Born for the Horn
"When you're creating your own (music), man, even the sky ain't the limit."
-- Miles Davis
So cool that ice cubes envied him. So complex that Freud could've named a syndrome after him. So relentlessly creative that he came to stand for never standing still. So eclectic and influential that as a jazz musician, he was inducted into the Rock and Roll Hall of Fame.
A musical light known as the Prince of Darkness.
"Miles was the biggest influence on me as a musician," says trumpeter Walt Blanton. "I didn't try to copy Miles, that's not one of the brightest things to do because you end up sounding like a bad version. My concept of sound was more influenced by Miles than anybody else."
"You can discover more about a person in an hour of play than in a year of conversation."
Blanton expresses his appreciation for Davis' impact on his musical psyche tonight when his quintet assembles for the outdoor "Music of Miles Davis" concert, celebrating the late virtuoso at the Rainbow Library Amphitheatre.
"Sometimes you have to play a long time to be able to play like yourself."
Blanton will be backed by tenor saxophonist Dave Stambaugh, pianist Tony Branco, bassist Jeff Davis and drummer John Nasshan for the tribute.
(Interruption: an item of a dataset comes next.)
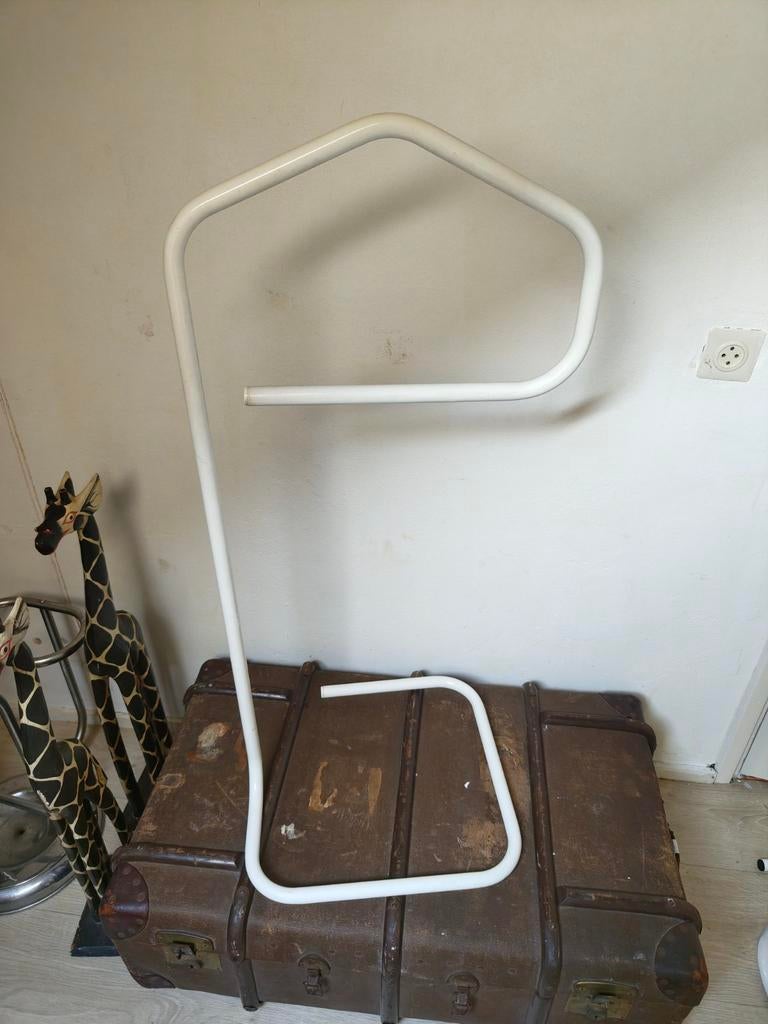 IKEA DRESBOY - Wit metalen kledingrek/valetstandaard, Minder dan 50 cm, Gebruikt, 100 tot 150 cm, Ophalen of Verzenden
The evening's repertoire includes Davis staples such as "Seven Steps to Heaven," "So What," "My One and Only Love," "Bye Bye Blackbird," "Joshua" and "Blue in Green," off "Kind of Blue," Davis' landmark 1959 album -- and the best-selling jazz record ever, certified quadruple platinum last year.
"I'll play it first and tell you what it is later."
"From Charlie Parker to Prince -- it's just the whole cool nature of it," Blanton says about the career arc of Miles Davis, who teamed with iconic saxophonist Charlie "Bird" Parker at Harlem nightspots in the 1940s, and whose style is said to have inspired musicians up to The Purple One.
Through it all, he had no tolerance for phoniness.
"If they act too hip, you know they can't play (expletive)."
His signature, unmistakable sound was his bell-like, vibrato-free articulation on trumpet -- his childhood music teacher rapped his knuckles when vibrato crept into his playing -- and his signature attitude was an enormous appetite for experimentation.
"Do not fear mistakes. There are none."
With four albums hailed as jazz game-changers -- "Kind of Blue," "Birth of the Cool," "Sketches of Spain" and "Bitches Brew" -- Davis is exalted in jazz history as a perpetual innovator, at the vanguard of several styles, including cool jazz, hard bop, free jazz and fusion.
"Don't play what's there, play what's not there."
"He was continually evolving, and it wasn't a matter of reinventing himself, he just wanted to stretch to see if he could play in more contemporary styles," Blanton says.
"If you hear the early recordings on Blue Note and with (Thelonious) Monk and Art Blakey, getting into something so stylistic, it was the start of hard bop, a more aggressive kind of jazz. With his approach, it was sort of like there's bop, there's hard bop, and then there's Miles."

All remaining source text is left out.